**RECORDED DATA**.
******

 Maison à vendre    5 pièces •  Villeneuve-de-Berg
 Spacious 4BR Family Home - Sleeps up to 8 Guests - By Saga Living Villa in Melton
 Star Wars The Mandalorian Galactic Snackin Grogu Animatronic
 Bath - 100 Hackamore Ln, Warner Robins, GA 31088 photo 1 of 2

******

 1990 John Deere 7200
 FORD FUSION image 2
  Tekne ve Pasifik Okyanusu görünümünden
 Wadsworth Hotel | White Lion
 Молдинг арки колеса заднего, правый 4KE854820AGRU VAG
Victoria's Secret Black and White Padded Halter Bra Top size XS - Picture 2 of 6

******

From the line that has "Spacious 4BR Family" through the line that has "Bath - 100 Hackamore", copy every line exactly as it appears above, and leave out all others.

 Spacious 4BR Family Home - Sleeps up to 8 Guests - By Saga Living Villa in Melton
 Star Wars The Mandalorian Galactic Snackin Grogu Animatronic
 Bath - 100 Hackamore Ln, Warner Robins, GA 31088 photo 1 of 2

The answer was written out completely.